Peraturan Pemerintah (PP) 109/2012 tentang pengamanan bahan yang mengandung zat adiktif berupa produk tembakau dianggap sangat lemah sehingga target penurunan prevalensi perokok anak sulit tercapai.
Badan Pembangunan Nasional (Bappenas) sendiri memprediksi peningkatan perokok anak akan mencapai 16% di 2030 jika penanganan prevalensi perokok anak tidak dilakukan secara serius. Ditambah dengan adanya rokok elektronik yang terus berkembang tak terkendali saat ini, Perhimpunan Dokter Paru Indonesia (PDPI) menganggap hal ini menjadi ancaman baru bagi masyarakat Indonesia, terutama anak-anak.
Mewakili PDPI, dr. Annisa Dian Harlivasari mengatakan, maraknya rokok elektronik dan vape dengan berbagai rasa yang menarik anak-anak ini sangat berbahaya. Berbagai penelitian telah membuktikan bahayanya rokok elektronik dan vape, namun Indonesia belum punya aturan pengendaliannya.
dr. Annisa menyebut, zat kimia berbahaya pada rokok elektronik berada pada cairan/liquid yang mengandung nikotin, propilen glikol dan gliserin. Hasil penelitian RS Persahabatan, kata dia, pada urin perokok elektronik terdapat kadar residu nikotin yang kadarnya sama dengan urin perokok konvensional.
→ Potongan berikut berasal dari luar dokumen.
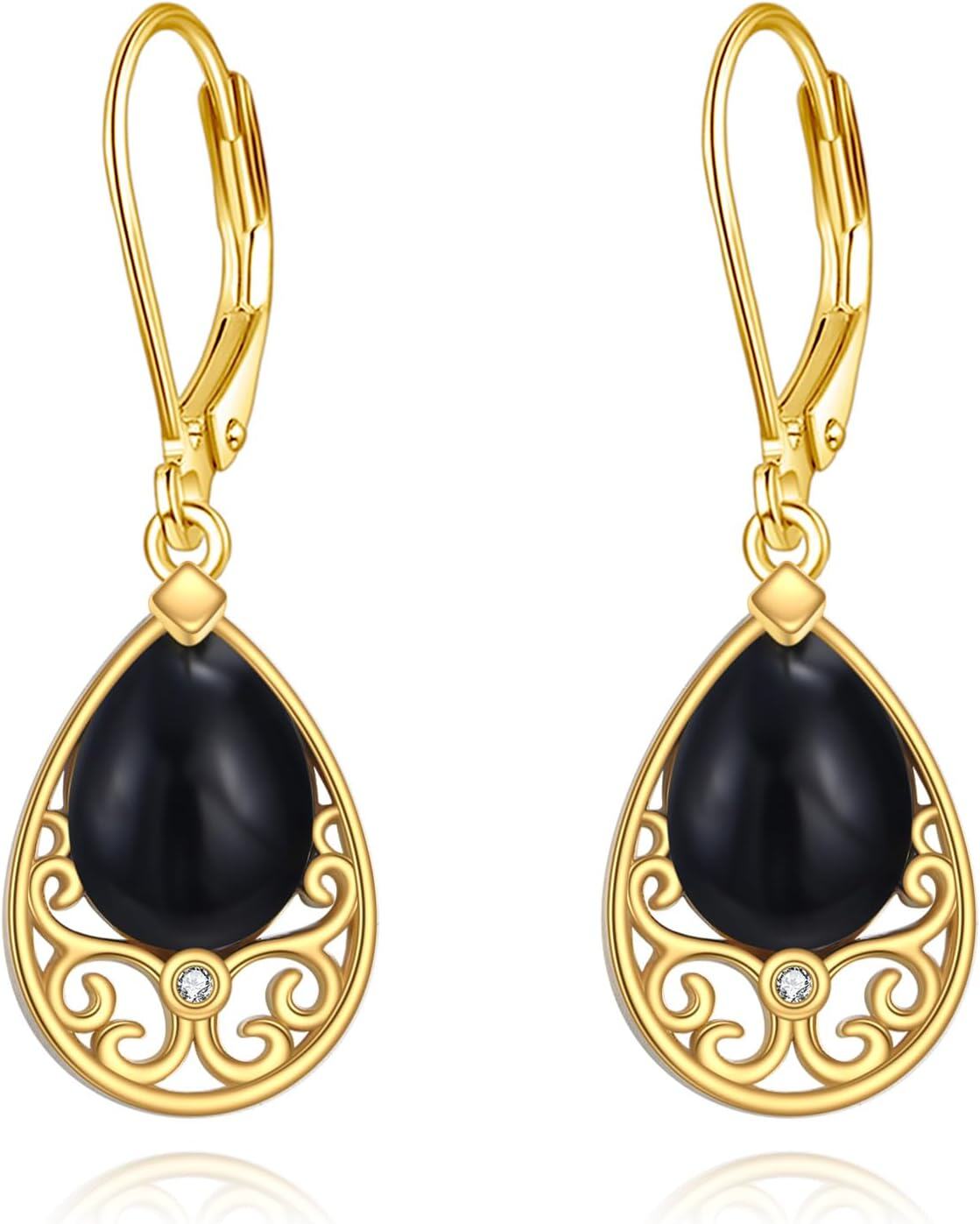 14K Gold Plated Sterling Silver Black Onyx Dangle Leverback Earrings-0-0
“Dengan demikian, rokok elektronik tidak aman. Selain itu, berbagai residu rokok elektronik dalam bentuk logam dan partikel memiliki risiko jangka panjang terhadap kesehatan. Temuan pada pasien-pasien kami adalah bukti yang tak terbantah bahwa produk adiktif ini harus dikendalikan segera atau kita akan menerima double burden desease; pengendalian rokok biasa longgar, ditambah tidak adanya pengendalian rokok elektronik dan vape,” jelas dr. Annisa.
Sementara itu, Global Adult Tobacco Survey (2021) menyebutkan, perokok dewasa Indonesia naik 8,8 juta perokok dalam satu dekade terakhir dan perokok rokok elektronik naik 10 kali lipat. Pengendalian konsumsi rokok baik rokok konvensional maupun rokok elektronik menjadi sangat mendesak dan tanpa tawar menawar.
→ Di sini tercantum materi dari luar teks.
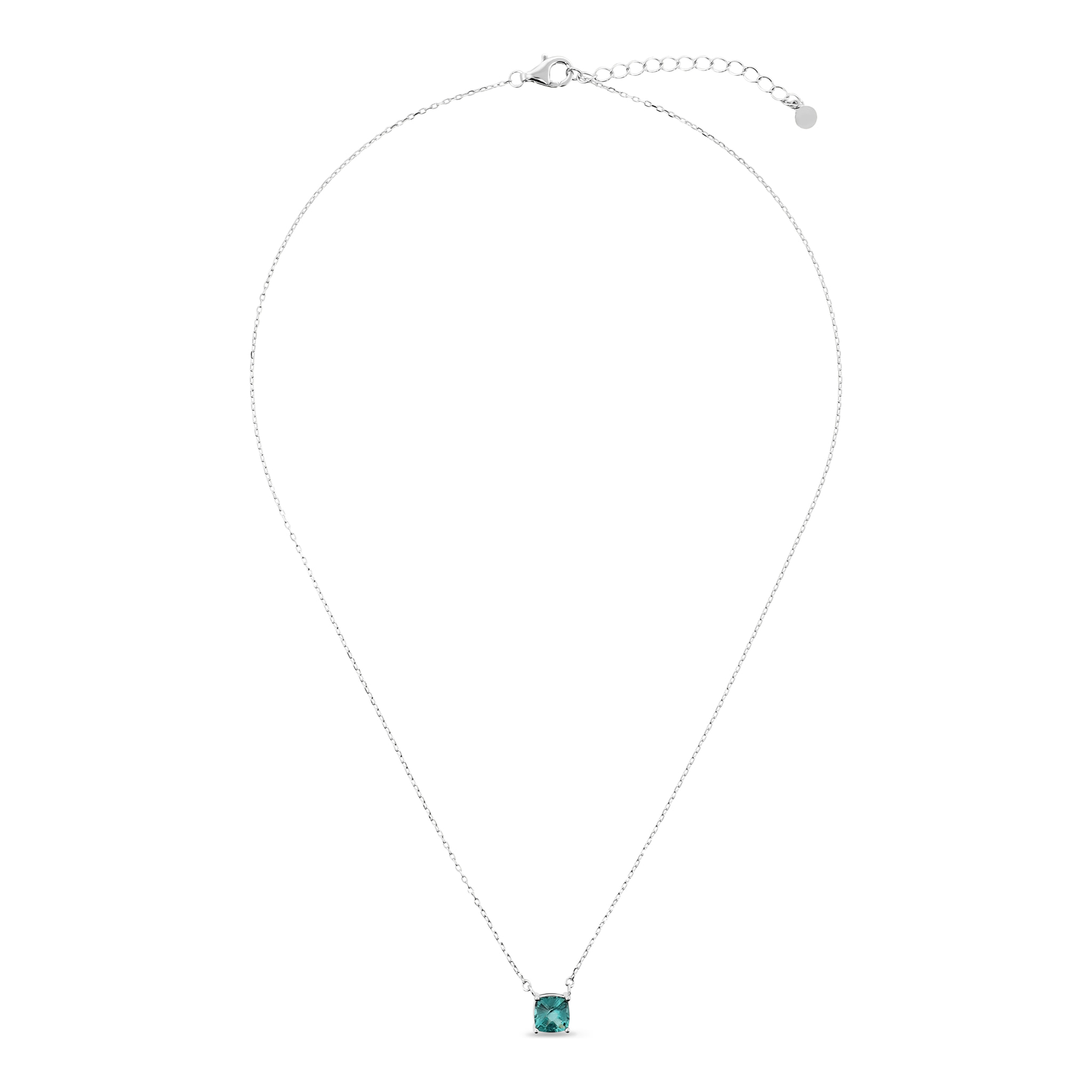 Collana in Argento 925 con Ciondolo in Pietra Prisma Gem Verde Acqua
Selaku praktisi kesehatan, Ketua Umum Perhimpunan Dokter Spesialis Kardiovaskular Indonesia (PERKI), dr. Radityo Prakoso mengharapkan kali ini Presiden Joko Widodo (Jokowi) dan Menteri Kesehatan bersikap tegas. Menurutnya, aturan pengamanan zat adiktif yang komprehensif di dalam RPP Kesehatan sangat penting.